An immigration debate primer

byGeorge Weigel

It’s hard to imagine a more depressing spectacle in contemporary American public life than the immigration reform “debate.” What a friend who’s bailing out of the mainstream media recently deplored over lunch as “bumper-sticker politics” dominates the so-called “public discourse” on the question, and, truth to tell, some prominent Catholics have added more heat than light to the mix. How might Catholic social doctrine and a Catholic optic on politics turn the mutual exchange of rhetorical barrages into a real national conversation? Herewith some preliminary thoughts:

-- Catholic political theory places a high value on the rule of law, which it regards as morally superior to the alternative, which is the rule of willfulness imposed by brute force.

-- The laws we make through our elected representatives are under the scrutiny of the natural moral law we can know by reason, which means that our political judgments should be rational, not glandular.

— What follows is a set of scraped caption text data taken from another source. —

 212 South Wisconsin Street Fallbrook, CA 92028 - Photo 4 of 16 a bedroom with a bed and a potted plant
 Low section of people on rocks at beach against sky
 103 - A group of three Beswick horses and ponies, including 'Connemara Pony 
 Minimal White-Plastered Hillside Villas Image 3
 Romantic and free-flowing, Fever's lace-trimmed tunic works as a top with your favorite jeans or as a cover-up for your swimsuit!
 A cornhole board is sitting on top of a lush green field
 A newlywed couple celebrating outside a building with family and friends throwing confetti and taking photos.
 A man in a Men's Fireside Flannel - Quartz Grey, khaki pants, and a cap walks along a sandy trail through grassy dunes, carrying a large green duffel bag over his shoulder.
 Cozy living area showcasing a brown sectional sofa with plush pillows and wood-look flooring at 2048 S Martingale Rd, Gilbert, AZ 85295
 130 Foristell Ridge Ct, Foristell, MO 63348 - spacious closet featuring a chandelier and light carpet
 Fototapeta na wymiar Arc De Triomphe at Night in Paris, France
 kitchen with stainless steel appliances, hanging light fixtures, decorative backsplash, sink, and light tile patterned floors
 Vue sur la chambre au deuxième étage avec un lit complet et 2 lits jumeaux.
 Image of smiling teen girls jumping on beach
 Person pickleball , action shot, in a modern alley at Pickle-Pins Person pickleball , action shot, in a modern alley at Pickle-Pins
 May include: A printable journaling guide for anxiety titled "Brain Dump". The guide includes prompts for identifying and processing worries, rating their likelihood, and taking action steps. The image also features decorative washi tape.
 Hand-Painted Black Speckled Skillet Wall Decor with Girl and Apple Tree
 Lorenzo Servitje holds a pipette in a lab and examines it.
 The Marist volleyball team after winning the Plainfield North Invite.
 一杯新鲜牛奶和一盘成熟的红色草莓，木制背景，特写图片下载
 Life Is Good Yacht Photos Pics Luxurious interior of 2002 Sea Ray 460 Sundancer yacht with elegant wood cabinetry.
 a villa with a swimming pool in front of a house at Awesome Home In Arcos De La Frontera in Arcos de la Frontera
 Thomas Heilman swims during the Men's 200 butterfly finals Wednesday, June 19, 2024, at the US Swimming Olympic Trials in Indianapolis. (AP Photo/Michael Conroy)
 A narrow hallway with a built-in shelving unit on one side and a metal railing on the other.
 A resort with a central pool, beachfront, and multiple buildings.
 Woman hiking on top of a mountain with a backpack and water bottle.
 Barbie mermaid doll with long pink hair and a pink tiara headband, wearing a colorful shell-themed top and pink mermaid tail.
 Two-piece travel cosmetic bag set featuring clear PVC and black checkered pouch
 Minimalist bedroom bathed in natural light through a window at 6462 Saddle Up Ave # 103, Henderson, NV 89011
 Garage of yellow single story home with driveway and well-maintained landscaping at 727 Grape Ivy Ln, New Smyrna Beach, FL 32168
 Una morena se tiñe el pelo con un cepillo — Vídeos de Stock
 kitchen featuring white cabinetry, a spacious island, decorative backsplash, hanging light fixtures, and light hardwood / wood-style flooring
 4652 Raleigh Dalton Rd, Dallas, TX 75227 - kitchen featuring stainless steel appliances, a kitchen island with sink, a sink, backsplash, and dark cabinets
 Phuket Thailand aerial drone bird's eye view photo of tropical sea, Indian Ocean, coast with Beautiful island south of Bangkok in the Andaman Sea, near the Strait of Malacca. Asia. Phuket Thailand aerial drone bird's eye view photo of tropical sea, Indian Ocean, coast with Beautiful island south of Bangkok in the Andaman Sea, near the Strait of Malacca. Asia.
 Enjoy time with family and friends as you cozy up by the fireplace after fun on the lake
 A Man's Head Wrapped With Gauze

-- The inalienable dignity and value of every human being from conception until natural death is the bedrock personalist principle from which Catholic thinking about public policy begins. The dignity does not confer an absolute right on anyone to live wherever he or she chooses. A proper Catholic understanding of limited and constitutional government grasps that the state--which in the American case means the national government--has a right to enforce its citizenship laws and a duty to conduct that enforcement in a just way.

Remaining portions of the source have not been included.